──────── EXTRACTED INFORMATION

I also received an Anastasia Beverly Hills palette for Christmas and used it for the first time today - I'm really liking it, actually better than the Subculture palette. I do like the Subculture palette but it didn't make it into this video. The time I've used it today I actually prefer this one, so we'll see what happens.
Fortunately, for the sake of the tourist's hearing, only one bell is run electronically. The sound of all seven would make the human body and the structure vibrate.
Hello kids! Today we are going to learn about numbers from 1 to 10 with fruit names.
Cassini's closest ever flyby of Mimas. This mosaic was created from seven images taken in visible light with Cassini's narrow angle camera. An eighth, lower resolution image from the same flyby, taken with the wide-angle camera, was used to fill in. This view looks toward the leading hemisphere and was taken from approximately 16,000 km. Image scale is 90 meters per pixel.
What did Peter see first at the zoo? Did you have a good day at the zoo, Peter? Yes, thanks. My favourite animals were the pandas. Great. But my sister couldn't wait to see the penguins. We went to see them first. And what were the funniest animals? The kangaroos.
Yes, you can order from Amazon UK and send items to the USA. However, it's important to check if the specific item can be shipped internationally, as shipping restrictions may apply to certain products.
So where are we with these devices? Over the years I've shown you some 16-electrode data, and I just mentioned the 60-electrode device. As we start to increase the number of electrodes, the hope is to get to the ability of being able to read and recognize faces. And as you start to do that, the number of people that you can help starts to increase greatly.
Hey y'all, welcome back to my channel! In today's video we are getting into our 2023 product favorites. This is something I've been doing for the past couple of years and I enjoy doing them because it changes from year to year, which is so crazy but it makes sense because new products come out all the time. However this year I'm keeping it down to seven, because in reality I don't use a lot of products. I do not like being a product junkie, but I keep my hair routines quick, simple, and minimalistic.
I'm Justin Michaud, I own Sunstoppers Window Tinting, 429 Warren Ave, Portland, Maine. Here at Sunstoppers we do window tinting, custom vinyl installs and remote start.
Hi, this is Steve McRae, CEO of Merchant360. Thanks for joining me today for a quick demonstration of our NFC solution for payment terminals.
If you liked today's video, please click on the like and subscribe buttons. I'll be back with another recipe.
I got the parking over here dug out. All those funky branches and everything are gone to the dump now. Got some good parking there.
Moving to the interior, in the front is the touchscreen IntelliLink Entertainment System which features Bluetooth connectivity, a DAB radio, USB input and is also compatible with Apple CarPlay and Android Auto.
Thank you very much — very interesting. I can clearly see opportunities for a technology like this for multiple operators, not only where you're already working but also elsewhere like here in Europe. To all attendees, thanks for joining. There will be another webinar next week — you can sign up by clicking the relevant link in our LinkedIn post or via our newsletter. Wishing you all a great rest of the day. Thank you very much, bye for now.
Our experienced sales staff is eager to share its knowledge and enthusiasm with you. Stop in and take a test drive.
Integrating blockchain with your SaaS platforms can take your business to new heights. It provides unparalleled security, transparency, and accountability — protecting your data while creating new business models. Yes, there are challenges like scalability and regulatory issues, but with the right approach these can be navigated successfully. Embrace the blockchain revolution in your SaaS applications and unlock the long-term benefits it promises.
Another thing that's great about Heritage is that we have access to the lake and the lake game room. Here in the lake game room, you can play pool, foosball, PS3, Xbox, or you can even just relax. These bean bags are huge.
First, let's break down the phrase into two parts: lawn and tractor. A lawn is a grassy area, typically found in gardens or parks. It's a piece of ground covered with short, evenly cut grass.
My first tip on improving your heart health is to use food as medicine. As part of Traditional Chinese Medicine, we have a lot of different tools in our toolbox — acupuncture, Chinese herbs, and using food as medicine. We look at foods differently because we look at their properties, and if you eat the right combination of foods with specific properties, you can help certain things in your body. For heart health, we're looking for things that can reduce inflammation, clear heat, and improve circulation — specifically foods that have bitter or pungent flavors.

────────────────

The answer must consist of every line above that holds the string "joining", copied exactly.

SOLUTION TO THE PROBLEM:
Hi, this is Steve McRae, CEO of Merchant360. Thanks for joining me today for a quick demonstration of our NFC solution for payment terminals.
Thank you very much — very interesting. I can clearly see opportunities for a technology like this for multiple operators, not only where you're already working but also elsewhere like here in Europe. To all attendees, thanks for joining. There will be another webinar next week — you can sign up by clicking the relevant link in our LinkedIn post or via our newsletter. Wishing you all a great rest of the day. Thank you very much, bye for now.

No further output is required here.